I guess its enough to do and inorder or perorder or post order traversal

1. Create an array of size d, say 'path'.

2. Maintain an int variable, say `pos` initialized to 0 which will track the current node you're at in a path.

3. Begin pre-order traversal with arguments as root of the tree, `pos` = 0 and `path`

4. Do pre-order traversal, at each node:
a. If node is leaf node (no left or right children), print path as all values in `path` from 0 to `pos` and return
a. Else, place the node's value into the array `path` at index `pos`
b. Call pre-order traversal for (node.left, path, pos+1)
c. Call pre-order traversal for (node.right, path, pos+1)

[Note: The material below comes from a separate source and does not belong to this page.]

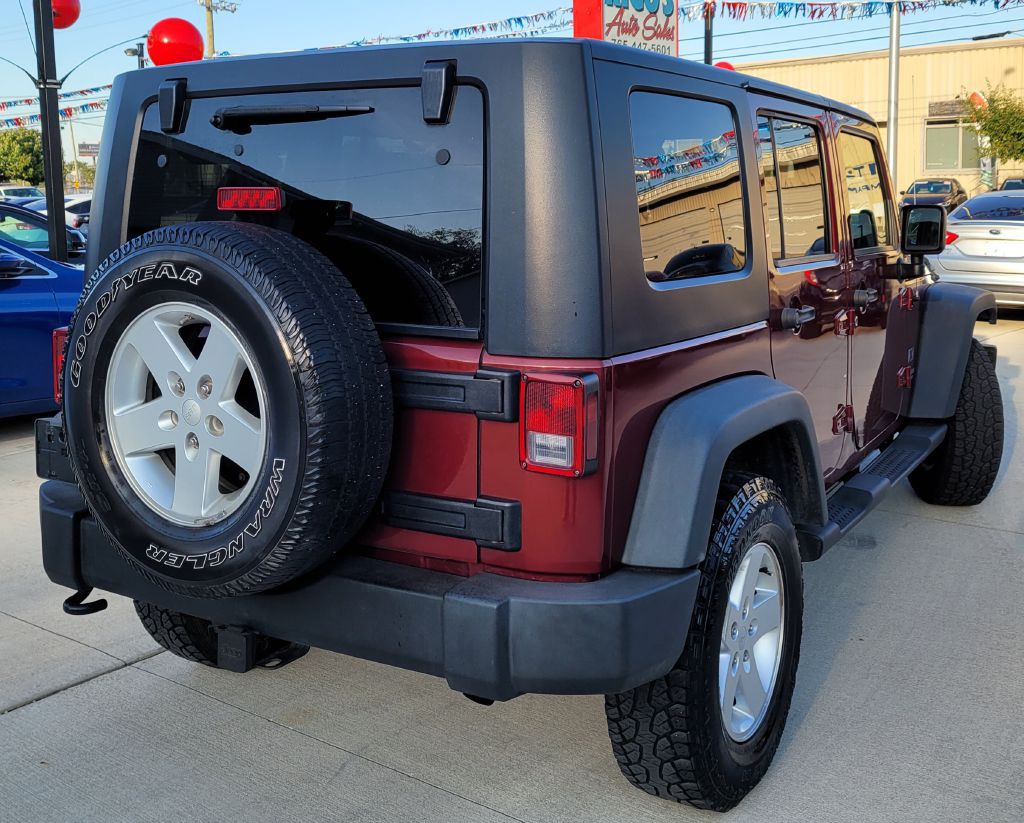 2009 Jeep Wrangler Unlimited Image 7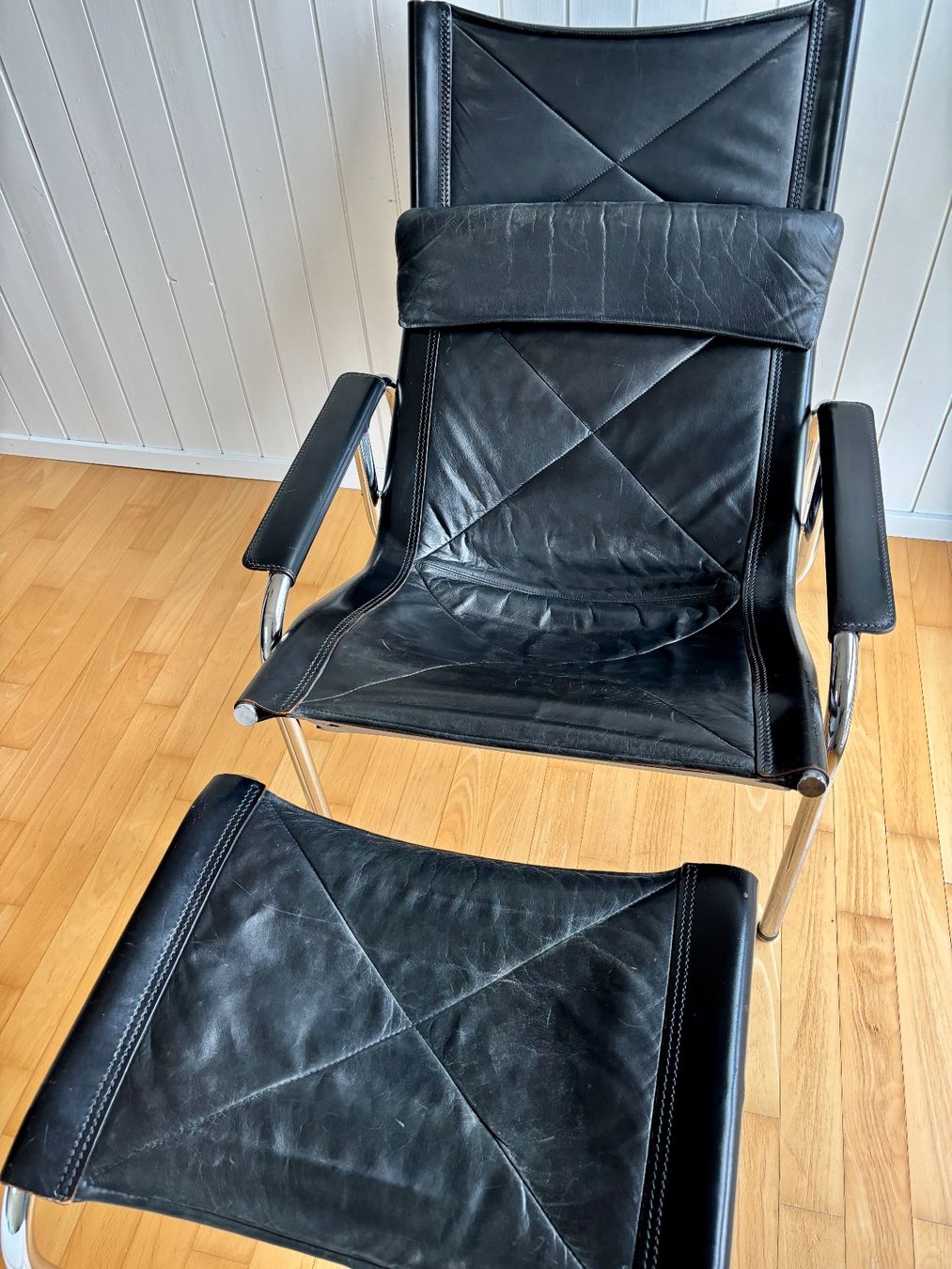 Eichenberger Poltrone: Vintage-Sessel Hans Eichenberger, – Usato da Wolhusen venduto da AndyHauteRue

I would use level-order tree traversal:

void printAllPathsFromRoot(){
		
		Queue<PathEntry> queue = new LinkedList<PathEntry>();		
		
		queue.add( new PathEntry((BSTEntity)root, (String)root.getValue()) );
		
		while( ! queue.isEmpty() ){		
			PathEntry pathEntry = queue.poll();
			
			if( pathEntry.entry.isLeaf() ){
				System.out.println( pathEntry.path );
			}
			
			if( pathEntry.entry.hasLeft() ){
				queue.add( new PathEntry((BSTEntity)pathEntry.entry.getLeft(), pathEntry.path + "/" + (String)pathEntry.entry.getLeft().getValue() ) );
			}
			
			if( pathEntry.entry.hasRight() ){
				queue.add( new PathEntry((BSTEntity)pathEntry.entry.getRight(), pathEntry.path + "/" + (String)pathEntry.entry.getRight().getValue() ) );
			}
		}
	}
	
	static class PathEntry {		
		
		PathEntry(BSTEntity entry, String path) {
			super();
			this.entry = entry;
			this.path = path;
		}
		
		BSTEntity entry;
		String path;		
	}

Would print something like this:

3/1/2
3/6/4
3/6/7/8

rootToLeaf(nodeptr root)
{
    int path[1000];
    rootToLeafPath(root,path,0);
}
rootToLeafPath(nodept root,int path[],int pathlen)
{
   if(!root) return;
   path[pathlen++]=root->data;
   if(!root->left && !root->right)  //leaf
   {
         printarray(path,pathlen);
         return;
   }
   else
   {
         rootToLeafPath(root->left,path,pathlen);
         rootToLeafPath(root->right,path,pathlen);
         }
}
printarray(int path[],int pathlen)
{
    for(int i=0;i<=pathlen;i++)
        cout<<root->data;
}

if it is a 'Binary Tree' then wont there be a single path from root to the node? why say all paths?

Hi Myth,
All paths mean "each path to the each leaf Node".
Following is my code:

package com.test;

public class BSTPaths {

	/**
	 * @param args
	 */
	public static void main(String[] args) {
		Node root = new Node(5);
		Node a = new Node(3);
		Node b = new Node(4);
		root.setLeft(a);
		a.setRight(b);
		
		Node c = new Node(7);
		Node d = new Node(8);
		Node e = new Node(6);
		c.setRight(d);
		c.setLeft(e);
		root.setRight(c);
		
		traverse(root, new int[]{});
	}

	private static void traverse(Node root, int []prev) {
		if(root == null) {
			return;
		}
		int arr[] = new int[prev.length + 1];
		for(int i = 0; i < prev.length; i++) {
			arr[i] = prev[i];
		}
		arr[arr.length - 1] = root.getData();
		if(root.getLeft() == null && root.getRight() == null) {
			printPath(arr);
		} else {
			traverse(root.getLeft(), arr);
			traverse(root.getRight(), arr);
		}
	}
	
	private static void printPath(int[] arr) {
		for(int i = 0; i < arr.length; i++) {
			System.out.print(arr[i]);
			if(arr.length - 1== i) {
				System.out.println();
			} else {
				System.out.print(", ");
			}
		}
	}

	private static class Node {
		public Node() {
			// TODO Auto-generated constructor stub
		}
		public Node(int data) {
			this.data = data;
		}
		private Node left;
		private Node right;
		private int data;

		public Node getLeft() {
			return left;
		}
		public void setLeft(Node left) {
			this.left = left;
		}
		public Node getRight() {
			return right;
		}
		public void setRight(Node right) {
			this.right = right;
		}
		public int getData() {
			return data;
		}
		public void setData(int data) {
			this.data = data;
		}
	}
}